There’d been that almost-fire.
I’d ruined a—the point being, I knew full well Morgan was more concerned about possible consequences than angry.
They want to meet me. It wasn’t as if I had a choice. Mirim had reacted with shock, then frenzied motion. She’d contacted her group. I hadn’t expected she’d use an antique handcom to send coded messages.
Nor that we’d walk to our destination, within the towers of refuse.
It’ll be fine. I infused the words with confidence.
I’ll be there tomorrow. His presence faded.
Sooner than planned, that was, meaning Morgan would push the Fox, betting she wouldn’t fail. He’d stay by those laboring engines, tools ready, until—
“Watch that puddle,” warned Mirim. “It’s corrosive.”
I dodged in time, the green glow along the edges of the irregular pool promising nothing good. There were many such, oozing from the piles on either side of what was more path than road. “Thanks. I was distracted.”
“By Jason Morgan.” She said his name as I’d heard others do, the first time. Wistful, faintly unsure. As if he wasn’t real and couldn’t be, but how they wished he was.
For I’d shared everything with them, that day. My mistakes, my failures.
My love for a Human.
I glanced at my mother. “Yes.”
“What you have—” Mirim fell silent, keeping her eyes on our path. Abruptly, almost angry, “It was like that for the M’hiray, before coming here. We formed loving pairs. A Chooser’s Power-of-Choice was how we completed them, not a fight to the death.”
Was it wistful thinking? Her Joining with Jarad had been imposed by the Council of the day and worse than loveless. They’d produced offspring to order, given them up when told, and hated each other as much as any two could.
I’d like to believe the Clan had been different once. “We’re not taught that—”
“Why would we be?” Our path met a bridge, a flimsy thing of broken pieces. We crossed with care, the gutter beneath flowing with more of the noxious effluent of the piles.
Once we were both across, Mirim went on, not looking at me. “We’re not to know anything was better then. We’re to believe how we live now is the best choice, the only choice.”
Choice. She used the word deliberately. “You could have taught me,” I said, stung. “I’d have listened.”
“Sira Morgan listens. Sira di Sarc?”
That silenced me. Perhaps her intention, perhaps not. The path narrowed and I followed behind, trying to keep from flinching as those around us turned to stare.
For we were no longer alone. Small groups—mixed by species, by age and health—foraged in the piles, filling bags and sacks. Having seen us, they returned to their work without a sound. A Trade Pact of the forgotten and homeless.
And desperate. A jointed arm reached from a cavity, seizing Mirim by the wrist. A body draped in garbage—or clothed in rags—heaved toward us, a wide head shaking free.
My blaster caught beneath the coat she’d given me. Before I could free it, my mother twisted loose. “Shame on you, Putzputz,” she scolded. “You know who I am.”
“Femmine. Femman. Fem.” With a wheeze, it collapsed back into itself; its bulbous eyes remained fixed on me, their gaze hard and suspicious. “Who’s he?
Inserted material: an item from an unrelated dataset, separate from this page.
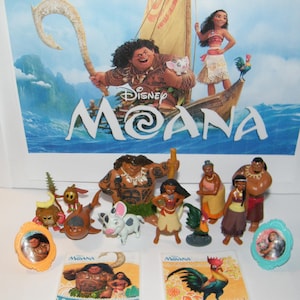 Disney Moana Movie Deluxe Party Favors Goody Bag Fillers Set of 14 with 10 Figures, Sparkle Rings and Fun Stickers with Moana and Friends!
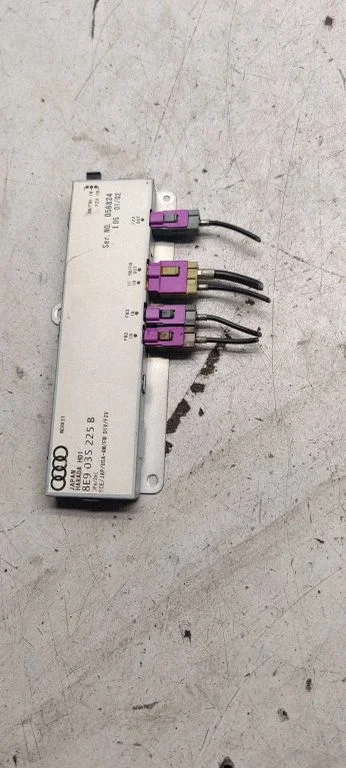 Antenni juhtplokk – Audi A4 S4 B6 8E 8H (2001-2005)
Why’s he? What’s he?”
“With me. Are the rest here?”
“Some. Most. All.”
Mirim nodded as if its babble made perfect sense, then tossed it the bag she’d carried over her shoulder. “Make that last, Putzputz. I don’t know when I’ll be back after this.”
A moan. “Try. Might. Doubt.” The bag disappeared within a cluster of eager arms. Membranes slipped over the eyes, turning them milky white, then the alien burrowed backward into its hiding place and disappeared.
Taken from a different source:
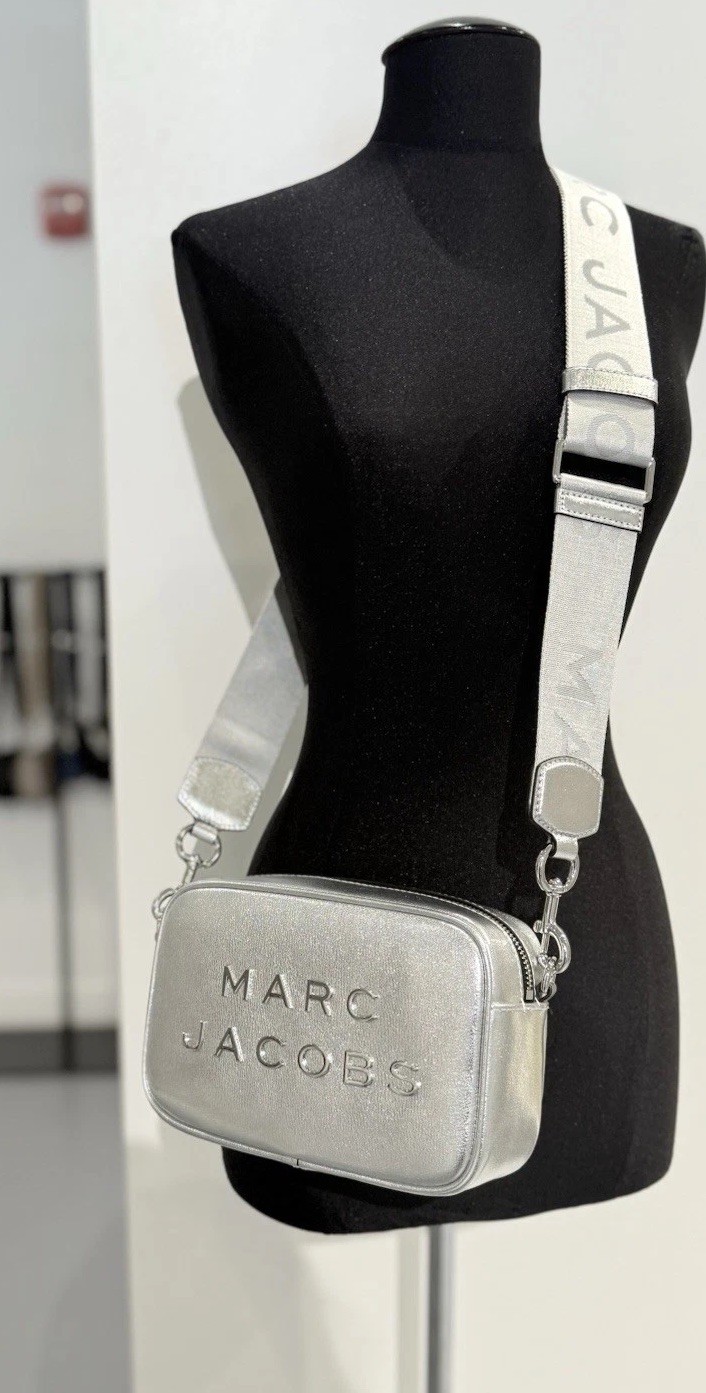 NWT Marc Jacobs flash camera bag - silver (only One New )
“This way.” To my disbelief, Mirim’s finger pointed where it had gone.
No, worse. Above it. At the pile surrounding a dark-walled building.
I looked up, and up. The mess extended to the roof at one end. Small things with teeth looked back down, then scurried deeper within the loose structure.
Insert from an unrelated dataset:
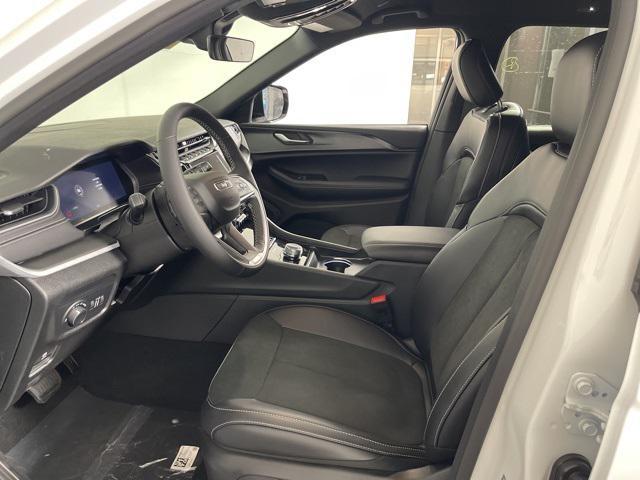 new 2025 Jeep Grand Cherokee car, priced at $38,495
“You’re joking,” I protested.
“Stay here, then.” Without waiting to see if I obeyed, my mother began to scale the pile as quickly as if she were one of the small things with teeth.
I discovered her trick only after slipping to flop facedown in the unpleasant mass for the second time. Mirim didn’t climb at random. There were steps, disguised as bits of wood or plas. Handholds of rope or wire. This was an entrance, carefully constructed and as carefully hidden.
Guarded, at a guess, by the alien with those weaponlike limbs, now well below.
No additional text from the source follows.